Lie #1: I can’t afford to save now, but I’ll definitely get serious in the future. The problem with this justification is that it may take longer to get started than you think, as demonstrated in a recent Prudential TV commercial
featuring Harvard psychologist Daniel Gilbert. The spot opens with a
shot of a big blue wall that shows the ages 20 to 45 depicted on a
vertical scale in five-year increments. Gilbert asks a group of young
people put a paint mark on the wall at the age they think they should start saving for retirement.
He then asks an older group to mark the age at which they actually
started to save. The idea is to visually portray the retirement savings
“action gap”—the difference between when we know we ought to start
saving and when we eventually get around to it. In this case, based on a
survey of more than 2,500 people done before the shoot, that gap was
six years, with the youngsters saying they should start at age 26 on
average and the oldsters having launched their savings effort at 32.
If you think getting a late start saving for retirement
of just six years is no biggie, think again. A 26-year-old who makes
$40,000 a year, gets 2% annual raises, saves 15% of yearly pay and earns
6% annually on his savings would accumulate a nest egg of just under
$1.2 million by age 65. If that person waits six years until age 32 to
get started, his nest egg would total roughly $855,000. That’s $345,000,
or almost 30%, less for missing just those initial six years. If our
fictional 26-year-old holds off 10 years until age 36, the nest egg
shrinks to $685,000, some $515,000, or nearly 45%, less than with the
early start. As Gilbert says in the commercial, “This gap between when
we should start saving and when we do is one of the reasons why too many
of us aren’t prepared for retirement.”
Lie #2: If I fall behind, I’ll make up for it with higher investment returns.

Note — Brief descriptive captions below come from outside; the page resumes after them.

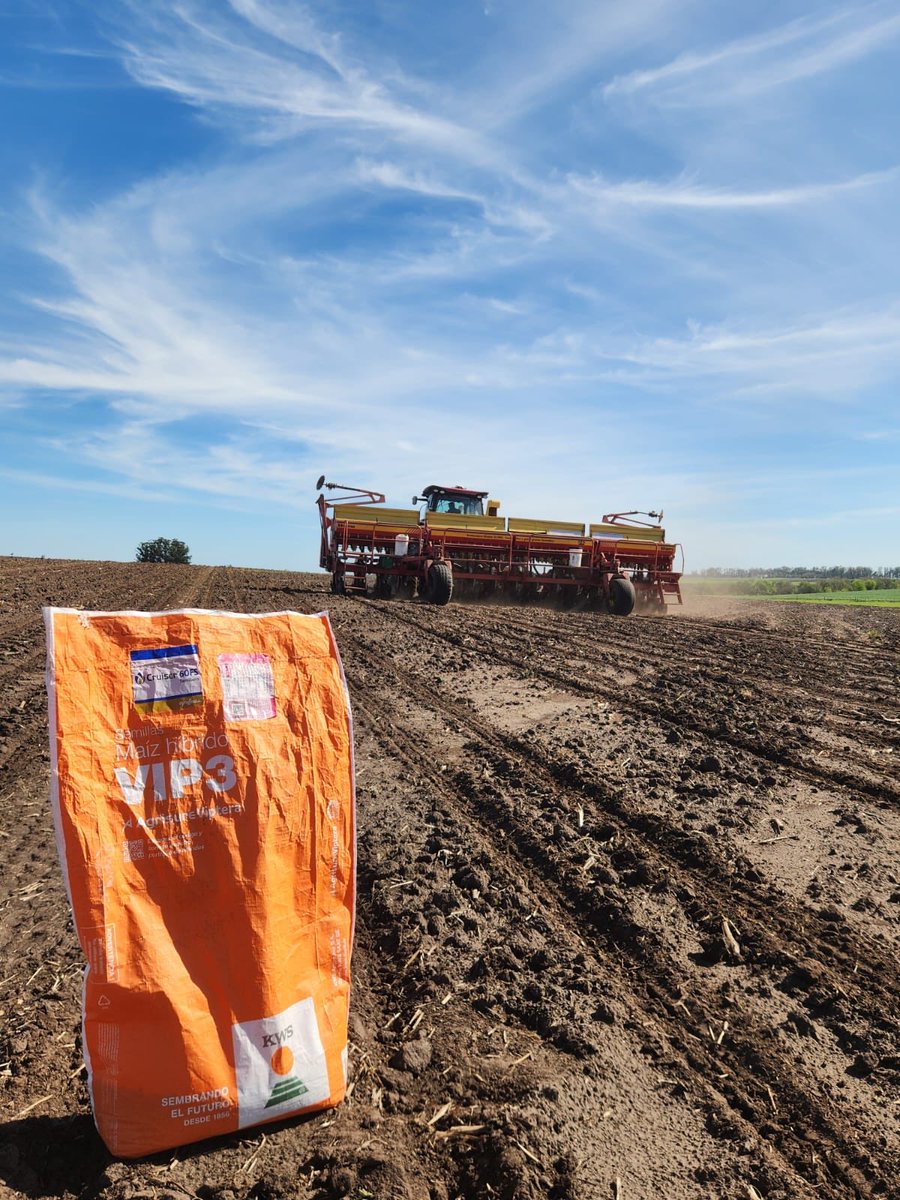 Siguen firmes las siembras de ensayos y cultivos con 
MAICES KWS por todo el país!!!
Recuerde..con PROCAMPO el Éxito se puede sembrar!!!
procampouruguay.com

⁦@KWSarg⁩ ⁦<a href="/GDMSeeds/">GDM</a>⁩ ⁦<a href="/IbfNegocios/">IBF Negocios</a>⁩ @federicobellen1
⁦<a href="/rolo_diego1306/">Diego Rodríguez Sch</a>⁩ ⁦<a href="/roycooper/">Roy Cooper</a>⁩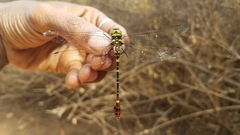 Phyllomacromia trifasciata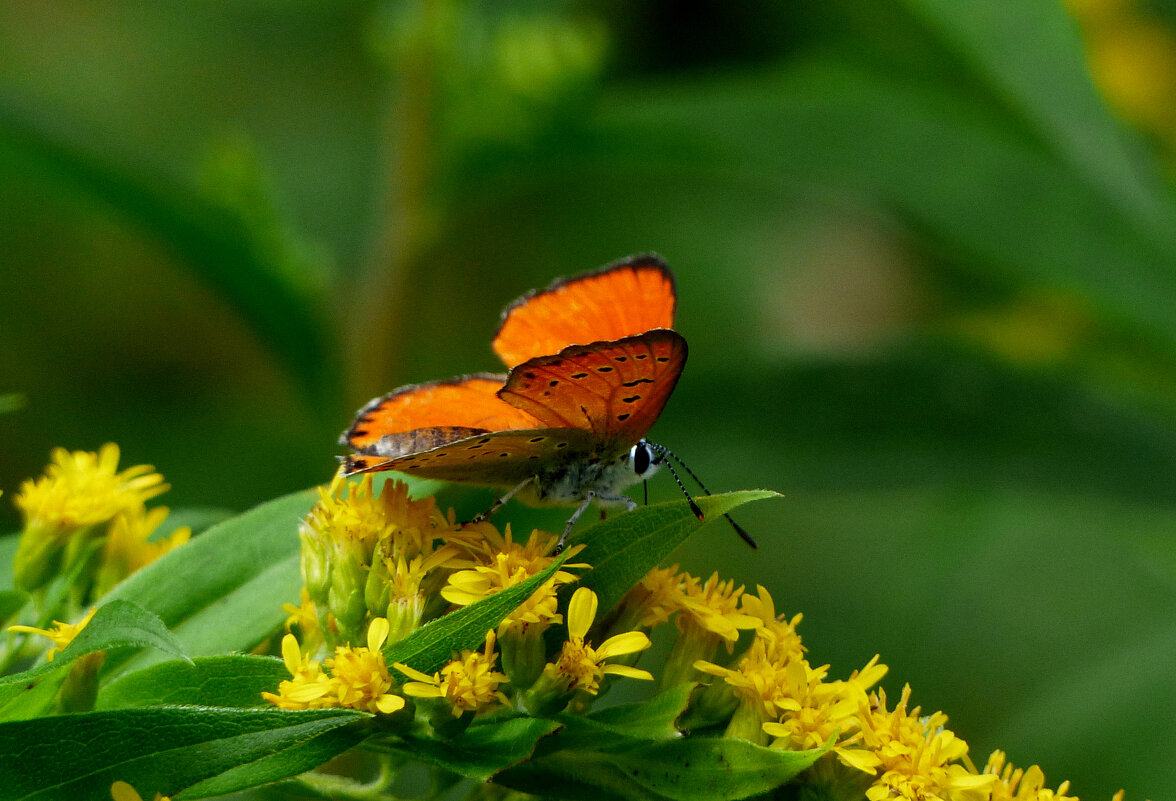 опять про бабочек...167 - Александр Прокудин опять про бабочек...167 - Александр Прокудин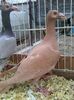 Photo0110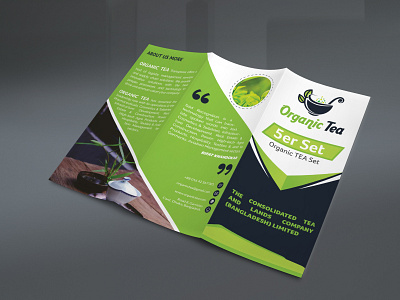 Trifold Brochure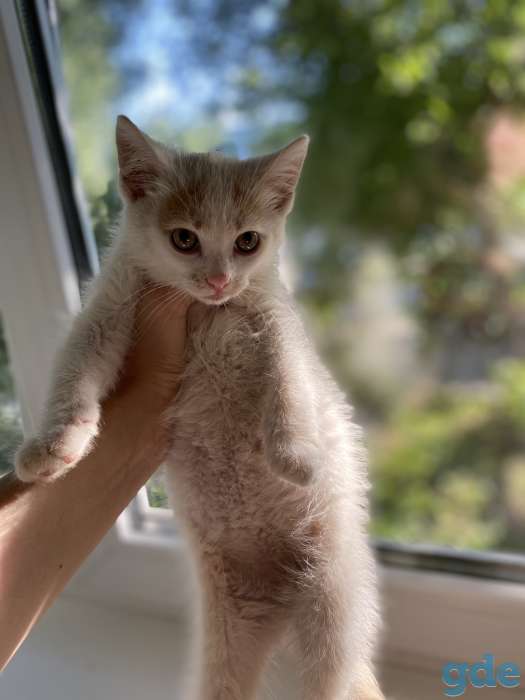 Котята в дар, фотография 6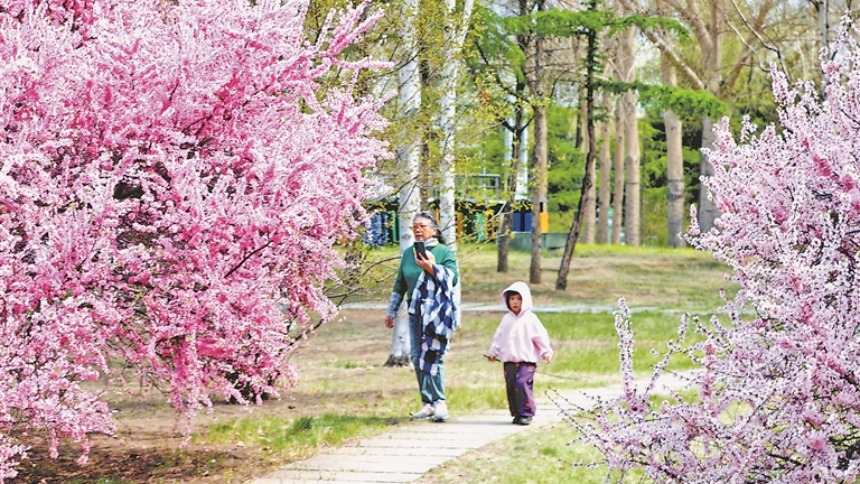 繁花似锦 扮靓鹤城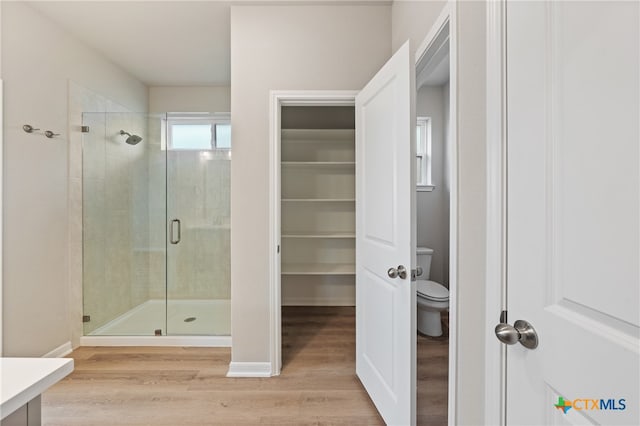 bathroom featuring toilet, vanity, an enclosed shower, and wood-type flooring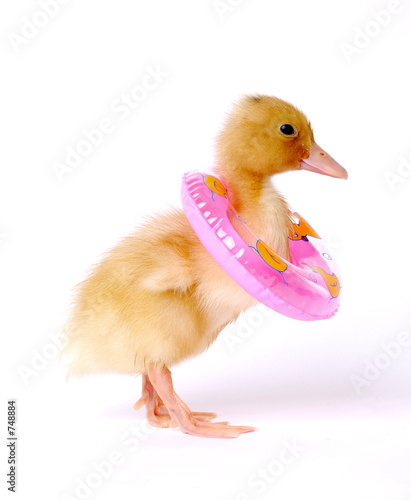 safety duck
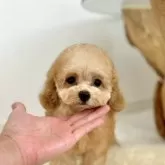 タイニープードル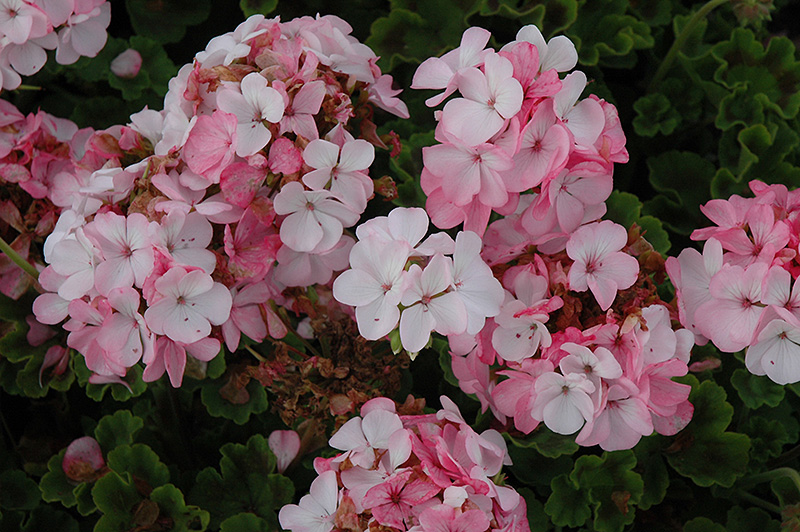 Horizon Appleblossom Geranium Pelargonium Horizon Appleblossom In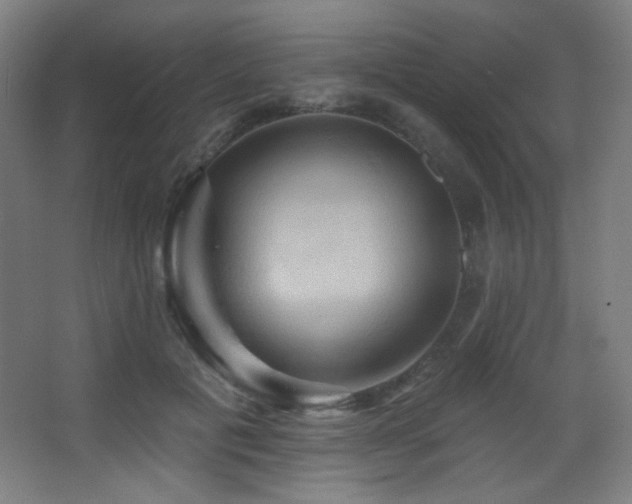 X0000068320601200604211207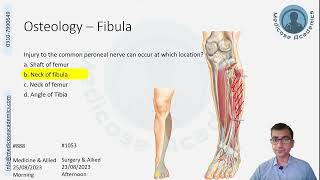 Lower Limb Question Discussion August November 2023 attempt [upl. by Olegnaleahcim162]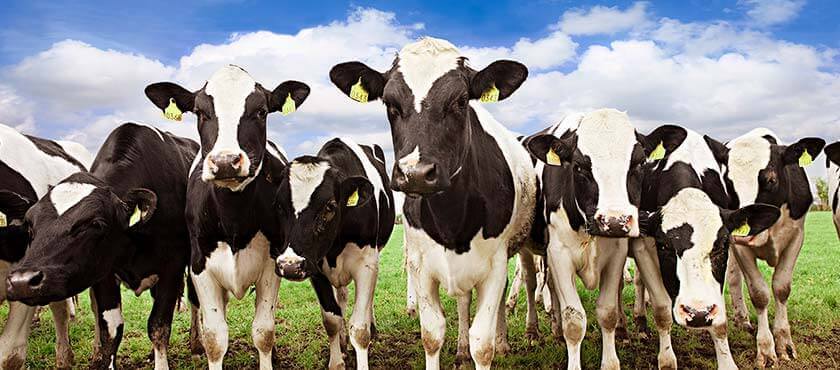 Braum's Ice Cream and Dairy Stores operates one of the largest dairy farms in the world.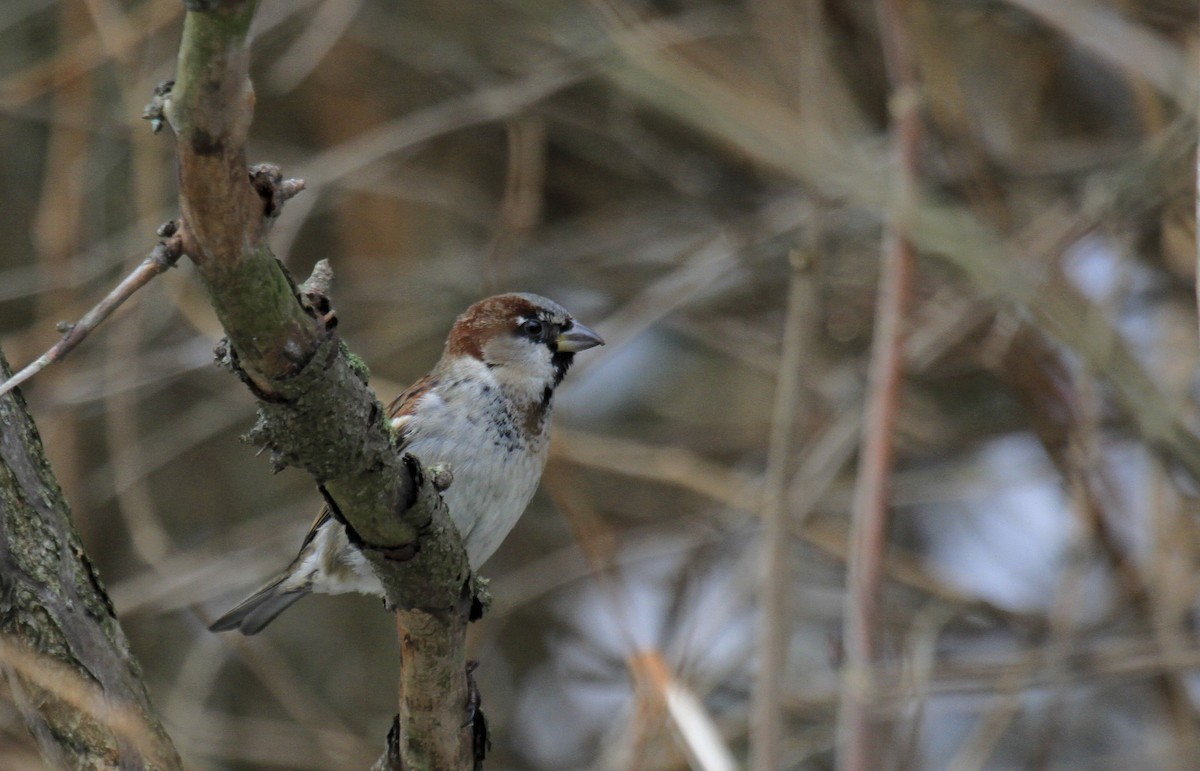 House Sparrow - ML188987381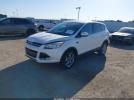 Ford Escape Sel Image 2
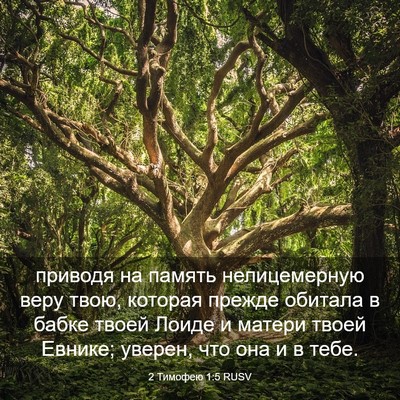 Picture 03 - 2 Тимофею 1:5 RUSV - приводя на память - Bible Verse Picture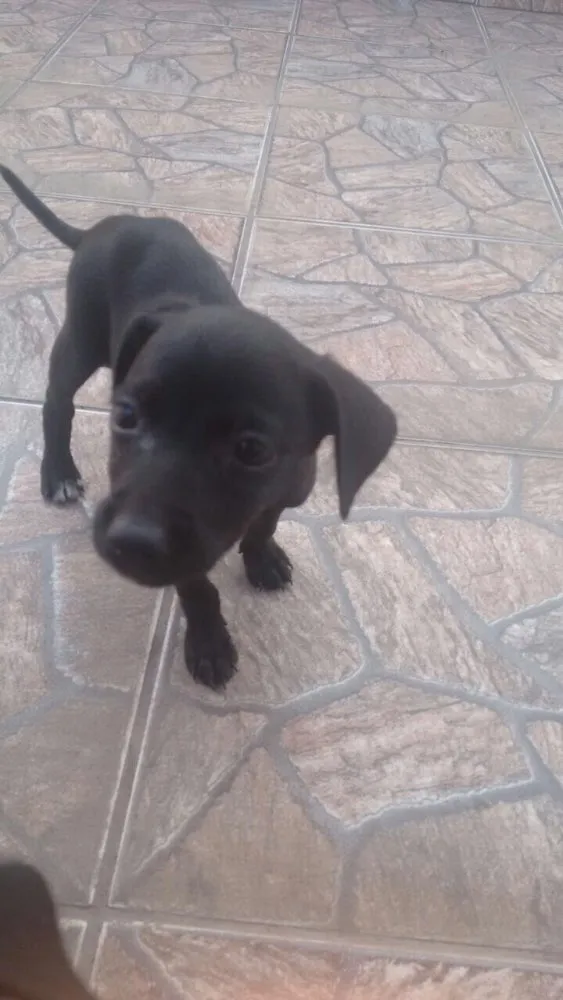 Cachorro raça SRD  idade 2 a 6 meses nome ADOÇÃO URGENTE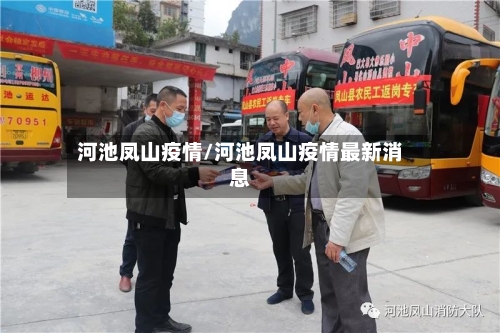河池凤山疫情/河池凤山疫情最新消息-第3张图片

This rationale sounds convincing enough, but it implies you have
control over how much your investments earn. News flash: You don’t.
While you likely can improve investing results by sticking to low-cost index funds, you’re still pretty much at the mercy of whatever raw returns the financial markets deliver, which many pros expect to be considerably lower than there were in the past.
Of
course, you can try shooting for higher gains by, say, increasing the
percentage of your portfolio you invest in stocks or by channeling more
of your money into high-octane investments like technology and emerging
market shares, bu doing so necessarily means taking on more risk and
dramatically increasing the chance of your investing strategy going badly awry.
In short, anyone who thinks he can count on his investing prowess to
make up for poor retirement planning is deceiving himself or simply
doesn’t understand how the financial markets work. Either way, he’s playing a dangerous game.
Lie
#3: I don’t need to do a full-fledged retirement check-up. I have a
pretty good feel for where I stand without crunching the numbers.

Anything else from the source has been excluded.